Moved from Google Code:
https://code.google.com/p/httparchive/issues/detail?id=192:
Guypo suggests ways to improve the correlation coefficient to isolate other variables:
On 6/25/11 11:18 AM, Guy Podjarny wrote:
The correlation coeff is accurate in determining the variable that correlates the most to load time. The problem is with showing the numbers of the next items without neutralizing that top var. For those, its simply inaccurate, I don't think it's like the median vs average conversation, where they're indeed all right.
I'm not sure there's an easy way to calculate it quickly. Maybe using a stats tool instead of php calculation?
Maybe only calculate the top variable correlating to load time each run, and occasionally do the full analysis using SPSS? Note that SPSS calculates it quite quickly.
Guy Podjarny | CTO, Blaze | 613-800-0413 x202
On 2011-06-25, at 13:46, Steve Souders [email protected] wrote:
Then what's the purpose of the correlation coeff I use? It seems like you're saying the current formula should never be used (when there are multiple variables). This reminds me of the avg vs median vs 90% debate - they're all valid formulas, it just depends on what you're after and clearly stating what function you're using.
Because the next question is: how do you implement this? Right now the correlation coeff charts take 10x longer than any other chart, and my guess is it's based on the order of N, and N is about to increase several orders of magnitude. So there's the practical aspects, too.
-Steve
On 6/25/11 10:37 AM, Guy Podjarny wrote:
I thought of a simpler example:
Let's say you check how reading skills and age correlate to height.

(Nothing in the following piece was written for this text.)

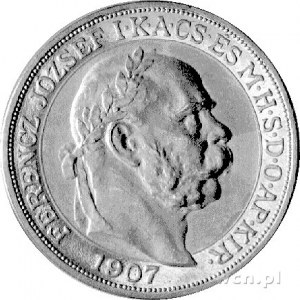 100 koron 1907, Krzemnica, Aw: Głowa cesarza, Rw: Scena...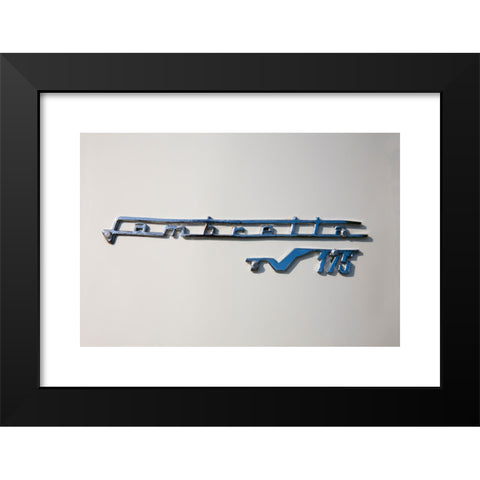 1960's Image Collection by Ian Paterson - Black Modern Wood Framed Art Print Titled: Vintage 1960s Lambretta Badge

If you looked at the clean numbers, you'll see reading skills correlate quite well to height. But logically, clearly that's only because reading skill correlates to age, which correlates to height. That's why you have to use partial correlation to see correlations above and beyond variables that may explain the correlation.
Cheers,
Guypo
On Sat, Jun 25, 2011 at 12:58 PM, Guy Podjarny [email protected] wrote:
The main issue is that when you calculate the correlation between A & C and B & C, you don't take into account the correlation between A & B.
For example, if these are the correlations:
1. A & B = 0.8
2. A & C = 0.7
3. B & C = 0.9
Then correlation #2 can be explained by #1 and #3, and you can't really say that A & C correlate.
I feel that's not a good enough explanation, so let me try a real world example.
Let's take these three variables:
W - Load Time
X - Total # Requests
Y - Total # JS Requests
Z - Total # CSS Requests
And that these are the correlations between them:
WX = 0.7
WY = 0.6
WZ = 0.5
XY = 0.8
XZ = 0.3
Logically, total # of requests is the top correlation to load time, followed by # of JS reqs and # CSS reqs.
Also, pages with many requests often have many JS requests too, but often don't have many CSS requests (this is a made up example, just to show stats).
In first pass, you'd say that the # of JS requests is a more significant factor in the load time. However, when you calculate the correlation between # of CSS & JS reqs above and beyond total # of requests, you get these values (this is called "partial correlation", the formula is in the attached doc):
WY.X = 0.09 - Excel Formula: =(0.6 - 0.7*0.8)/(SQRT(1-0.7*0.7)*SQRT(1-0.8*0.8))
WZ.X = 0.42 - Excel Formua: =(0.5 - 0.7*0.3)/(SQRT(1-0.7*0.7)*SQRT(1-0.3*0.3))
So you see that the number of JS requests really doesn't matter much beyond the total number of requests, it only looked that way because pages that had many requests happened to have many JS requests too. On the other hand, the number of CSS requests shows to be quite significant to load time, much more than number of JS requests.
So once you establish the single variable that correlates the most with the number of requests, you have to neutralize it before you say who is second, then neutralize both to say who is third... etc.
The attached forumula shows how to neutralize one variable, but to neutralize many, I used SPSS, as it became to complicated. SPSS also gives you an indication of when the correlation become statistically significant, taking into account the total number of samples .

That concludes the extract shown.